I do too! Now I can't sleep!


----------



## Ann (Mar 13, 2008)

Poor little fellow, he looks like he's in pain. Hope everything goes well at the vet, and he'll be good as new soon.


----------



## sweetrsue (Jul 8, 2008)

Well I got about 4 hours of sleep last night. Whiteys eyes are not nearly as red or swollen looking but I called the Vet this am anyway and have an appointment in about an hour. The feather loss around the eyes just isn't normal. There are two possibilities one of which I prefer not to even consider at this point. He is still active, playing and preening so whatever it is I'm hoping it's in the early stages. Or better yet just my overactive imagination. Maybe his eyes were just red from the shower. He did also have something (looked like little feathers caked together) poking him in one of his eyes. I got it out with a moist Q-tip. I hope the trip to the vet isn't a traumatic one. I have put a piece of plastic wrap under the perch where ****** will stand in the hopes of catching a fresh sample on the way over. I bagged the spot where ****** bled on the paper towel day before yesterday when he hurt his wings. His poop looks perfectly normal so I have hope that there's nothing wrong with ****** that can't be fixed by the vet telling me to chill out.


----------



## Sophia (Aug 11, 2007)

The best of luck!  His eyes do look a bit unusual, but hopefully it isn't anything to serious!
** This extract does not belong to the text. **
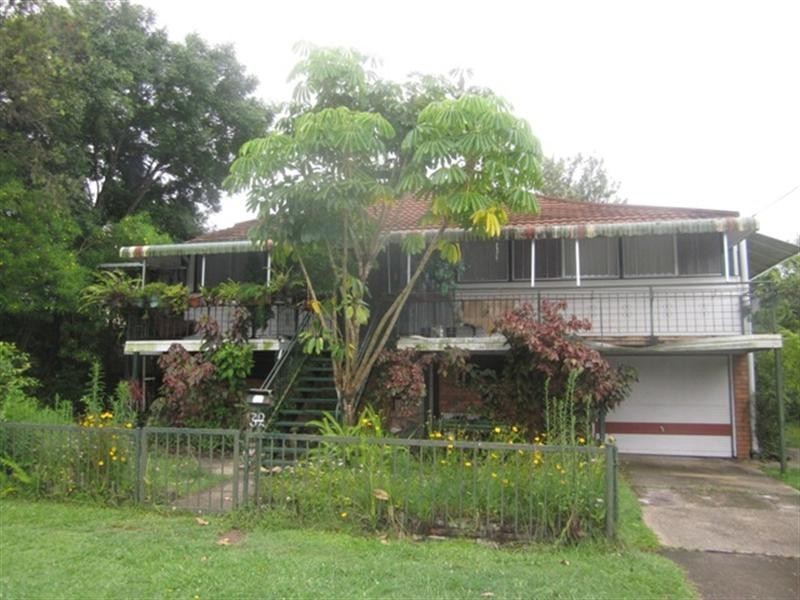 32 Thomas Street, Sherwood QLD 4075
Keep us updated!


----------



## sweetrsue (Jul 8, 2008)

The Vet says ****** is fine. Good weight he says. He says the skin around his eyes looks fine. I had him test a stool sample just to check it out and it was negative. "Nothin' going on there. It only cost $78 so I figure it's a small price to pay for peace of mind.


----------



## kimmikefids (Aug 2, 2008)

oh fantastic sue!!! im so glad he is fine...definately a small price to pay for peace of mind!!!


----------



## allen (Aug 25, 2007)

i think we all would go to the extent sue did for our fids


----------



## SweetSimmy (Sep 1, 2008)

That happened to a bird i was taking care of. The cage she was in turned out to be unsafe, there was a couple small wires sticking out and her wing bled in same spots as your cockatiel. she was moving around and happen to hit them


----------



## sweetrsue (Jul 8, 2008)

****** looks 100% better today.






















He looks even better a little fuzzy!


----------



## hevmort (Nov 15, 2008)

*Really glad to hear and see, that he is better.*


----------



## gforce (Jun 28, 2008)

That would give you such a fright hope he`s o.k. now.

gforce


----------



## sweetrsue (Jul 8, 2008)

I swear the worst part (besides imagining what it could be) was watching the way the vet handled him. I'm sure they know what they're doing but ****** has come a long way. He doesn't bite. he allows handling so I saw no reason for the vet to reach in with a towel grab him and stick a finger under his beak to immobilize him. He had his little tongue sticking out almost as if his air supply was being cut off. I just thought he could have been handled more gently. He claimed that birds like this (WF Lutino) often have attitude problems.


----------



## allen (Aug 25, 2007)

i am so glad she is so much better makes me feel good to see her happy


----------



## kimmikefids (Aug 2, 2008)

oh he looks so much better!!! seems like the vet should have asked what kind of behaviour the bird had before assuming he was going to get bitten


----------



## bigmikey36 (Aug 5, 2008)

seems like if my bird was looking like that with his tongue hanging out the vet likely might have just the same condition...but thats just me and i don't play well with others especially when the vet is supposed to be helping...i would not have been impressed 

Mikey


----------



## sweetrsue (Jul 8, 2008)

I wasn't! He has been a good vet to my other animals and he is listed as one of only 2 recommended Avian Vets In my area. I'm glad my little boy is back to his old self. Doesn't seem to hold it against me! Although if he sees that vet again I bet he WILL have an attitude problem.


----------